Enterprise Management Systems: Compete or Compensate?
Posted by Rick Pandolfi on Wed, Feb 09, 2011 @ 08:55 AM

Enterprise Management Systems: Compete or Compensate?
In my last post I may have taken some liberty by linking Customer experience of interrupted or degraded service with existential angst. Perhaps that was a reach.
Bad experience is only one factor in the customer satisfaction equation. Other factors of course are: their perception of other options, their perception of the effort it takes to find and move to other options, their perception of value (cost/experience), their perception of the relative import of the service in question, and so on.
So, really there may be two other important things to realize/consider:
● Service Quality is contextual in that it is in relation to other market resident options – Competitive;
● Service Quality is contextual in that it is in relation to the other links you may have to your customer – Compensatory.
If these observations are true, then perhaps addressing these issues is a question of balance. And to make balanced decisions, business leaders need to better understand their current state, their optional states, their ideal states, and the roadmaps leading beyond the status quo.
It’s not possible in this blog to speak to specific current state realities. That would require the due diligence of an Assessment. However, we can certainly look at some prevailing statistics and do a gut check on where we believe our enterprises sit relative to them. On average:
● 6 out of 10 Network outages are caused by manual error;
● each device in the enterprise have 30 configuration errors;
● Almost 50% of your IT engineering resources are spent setting up the erroneous configurations or fixing them after they break.

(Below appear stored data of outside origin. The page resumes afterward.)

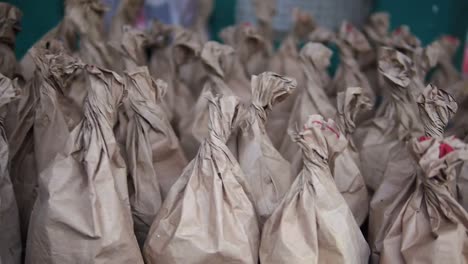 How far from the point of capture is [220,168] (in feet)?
3.94

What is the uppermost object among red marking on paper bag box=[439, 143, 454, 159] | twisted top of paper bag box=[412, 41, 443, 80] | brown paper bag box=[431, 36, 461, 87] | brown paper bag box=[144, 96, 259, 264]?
red marking on paper bag box=[439, 143, 454, 159]

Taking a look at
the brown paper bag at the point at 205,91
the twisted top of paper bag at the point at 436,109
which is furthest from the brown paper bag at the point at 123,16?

As I always ask my partner, “Do you want the good news or the bad news?” I’ll give you both: we can treat these statistics as a Competitive reality, which can be exploited if we choose to rise above the mean. Or we can stay under the bell curve and choose to compete in other ways (compensatorily).
I’ll close today with offering one final statistic that may suggest you want to compete on this one, rather than compensate: Investing (wisely, that is to say competently) in Enterprise Management Systems automation has shown a 625% Return on Investment rate. So, it’s not only good Ops, its good business.